PROBLEM DESCRIPTION: Beginning with the line containing "May include: Two" and ending with the line containing "Person working on laptop feeling overwhelmed", write out each line of the records below exactly; pictures and lines outside that range are left out.

(DATA LISTING)

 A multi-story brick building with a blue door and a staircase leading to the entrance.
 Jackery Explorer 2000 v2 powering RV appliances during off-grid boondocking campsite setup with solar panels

(End DATA LISTING)
(DATA LISTING)

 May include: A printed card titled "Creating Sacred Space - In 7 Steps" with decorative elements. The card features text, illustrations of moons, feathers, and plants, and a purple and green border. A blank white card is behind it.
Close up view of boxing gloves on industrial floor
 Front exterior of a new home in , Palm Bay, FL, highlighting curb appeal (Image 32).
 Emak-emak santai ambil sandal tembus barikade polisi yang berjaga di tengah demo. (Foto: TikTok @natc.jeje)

(End DATA LISTING)
(DATA LISTING)

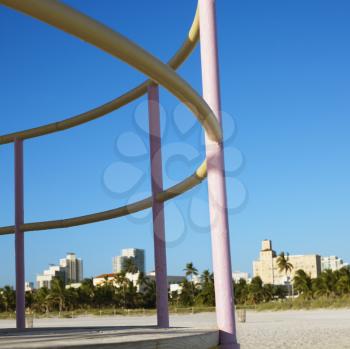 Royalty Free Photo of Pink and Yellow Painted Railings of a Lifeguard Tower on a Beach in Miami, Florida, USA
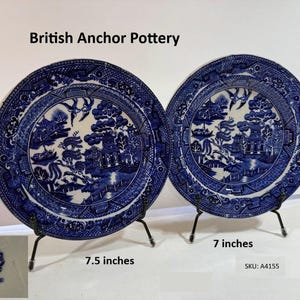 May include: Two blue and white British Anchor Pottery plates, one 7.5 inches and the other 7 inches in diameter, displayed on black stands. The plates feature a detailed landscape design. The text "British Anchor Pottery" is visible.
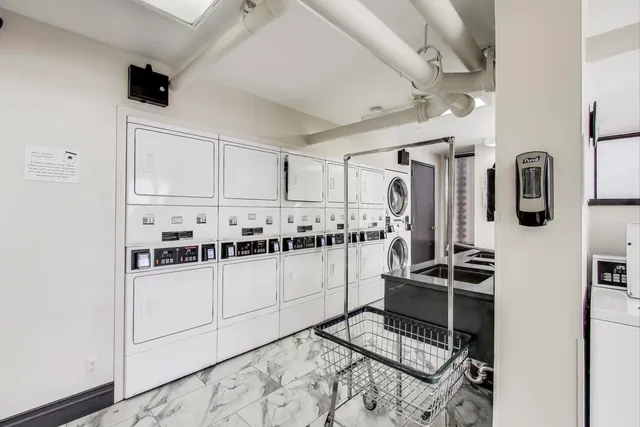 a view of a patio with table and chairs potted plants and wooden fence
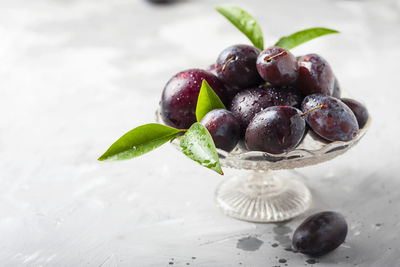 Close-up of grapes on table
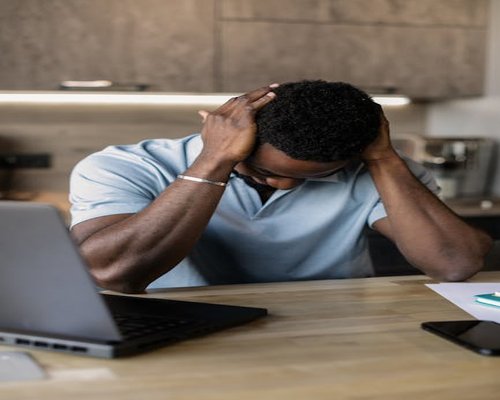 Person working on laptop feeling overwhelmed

(End DATA LISTING)

EXERCISE SOLUTION:
 May include: Two blue and white British Anchor Pottery plates, one 7.5 inches and the other 7 inches in diameter, displayed on black stands. The plates feature a detailed landscape design. The text "British Anchor Pottery" is visible.
 a view of a patio with table and chairs potted plants and wooden fence
 Close-up of grapes on table
 Person working on laptop feeling overwhelmed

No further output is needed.